Segment Start: The input

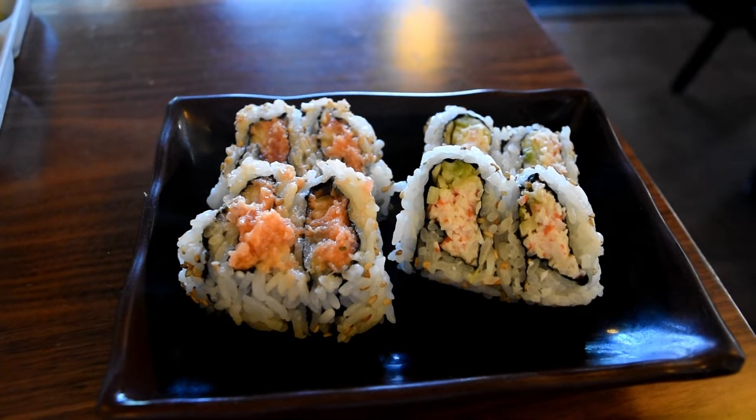This is course number two — we have spicy tuna and California rolls. Four pieces of spicy tuna and four pieces of California roll. This itself would probably be worth five or six dollars if you ordered it at a sushi restaurant a la carte. The spicy tuna is kind of like what you would find at a mid-range sushi restaurant. It's not mind-blowing whatsoever, but it's pretty good for ten dollars and eighty cents. Can't complain.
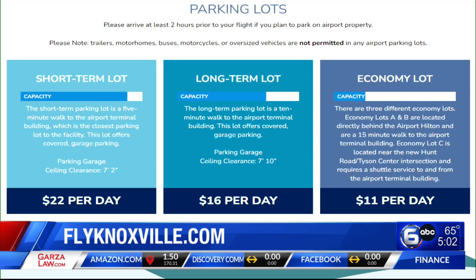The airport's website, flyknoxville.com, also has a real-time map. It's really good for checking current parking conditions before you ever get to the airport. As you can see, both long-term and short-term parking is nearly at capacity right now, so make sure you get there as early as you can for your flight so you have plenty of time to walk or shuttle to the terminal from the economy lots.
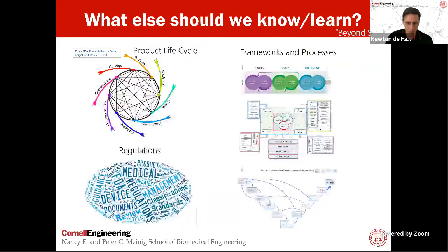So what else should we learn beyond our undergrad? Sometimes we don't have a chance to learn about product life cycle and the industry we're going to serve. Sometimes we don't get to learn frameworks and processes like the biodesign process or agile processes. We need to understand the total product life cycle of a technology, and we don't have time to learn in depth about regulatory, management, and other aspects. All these different things beyond STEM are important for us to have.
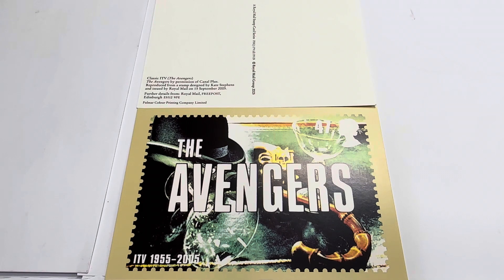This is the card. It was a limited edition postcard which was a copy of a stamp designed by Kate Stevens, released celebrating the 50th anniversary of ITV. It was a 47 pence stamp, and on the bottom left-hand corner you can see 'ITV Television 1955 to 2005'.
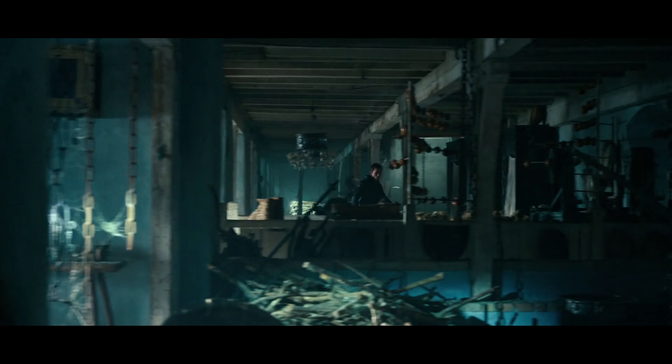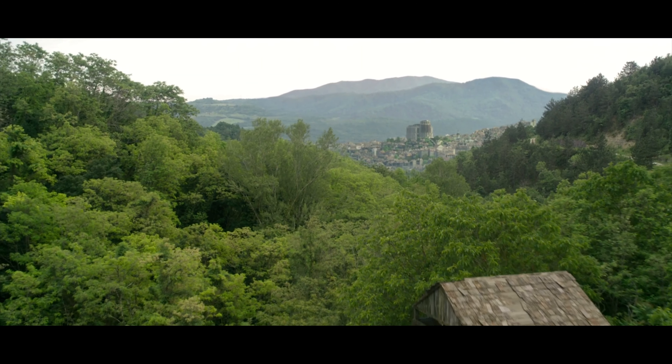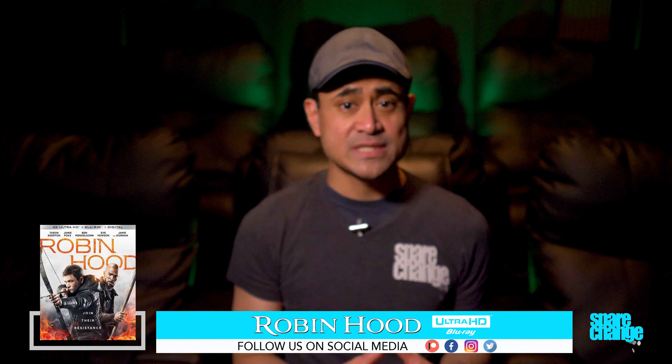Some of the lower-lit scenes did look softer at times, as did many of the flyover shots of the forest. It wasn't an eyesore or anything, but I did notice it more on my projector than on my television. Now, this is supposedly the first disc to feature both Dolby Vision and HDR10+. I didn't watch it in HDR10+, so I was stuck with Dolby Vision and standard HDR.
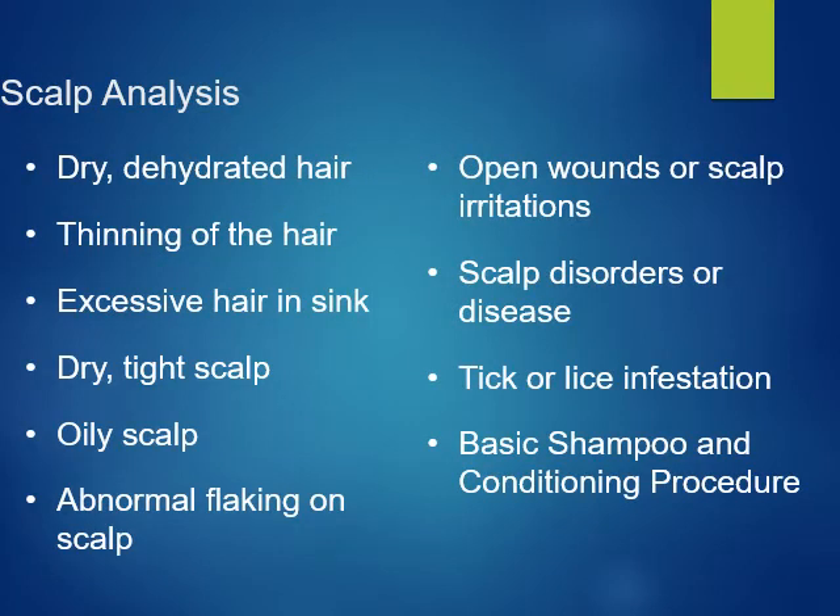The scalp analysis should include checking for these conditions: dry or dehydrated hair, cleanliness of the hair, excessive hair in the sink, dry and tight scalp, an oily scalp, abnormal flaking on the scalp, open wounds or scalp irritations, scalp disorders or disease, and tick or lice infestation.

Segment End: The input

== Required action ==
Output every record exactly, minus the pictures.

== Answer for the task ==
This is course number two — we have spicy tuna and California rolls. Four pieces of spicy tuna and four pieces of California roll. This itself would probably be worth five or six dollars if you ordered it at a sushi restaurant a la carte. The spicy tuna is kind of like what you would find at a mid-range sushi restaurant. It's not mind-blowing whatsoever, but it's pretty good for ten dollars and eighty cents. Can't complain.
The airport's website, flyknoxville.com, also has a real-time map. It's really good for checking current parking conditions before you ever get to the airport. As you can see, both long-term and short-term parking is nearly at capacity right now, so make sure you get there as early as you can for your flight so you have plenty of time to walk or shuttle to the terminal from the economy lots.
So what else should we learn beyond our undergrad? Sometimes we don't have a chance to learn about product life cycle and the industry we're going to serve. Sometimes we don't get to learn frameworks and processes like the biodesign process or agile processes. We need to understand the total product life cycle of a technology, and we don't have time to learn in depth about regulatory, management, and other aspects. All these different things beyond STEM are important for us to have.
This is the card. It was a limited edition postcard which was a copy of a stamp designed by Kate Stevens, released celebrating the 50th anniversary of ITV. It was a 47 pence stamp, and on the bottom left-hand corner you can see 'ITV Television 1955 to 2005'.
Some of the lower-lit scenes did look softer at times, as did many of the flyover shots of the forest. It wasn't an eyesore or anything, but I did notice it more on my projector than on my television. Now, this is supposedly the first disc to feature both Dolby Vision and HDR10+. I didn't watch it in HDR10+, so I was stuck with Dolby Vision and standard HDR.
The scalp analysis should include checking for these conditions: dry or dehydrated hair, cleanliness of the hair, excessive hair in the sink, dry and tight scalp, an oily scalp, abnormal flaking on the scalp, open wounds or scalp irritations, scalp disorders or disease, and tick or lice infestation.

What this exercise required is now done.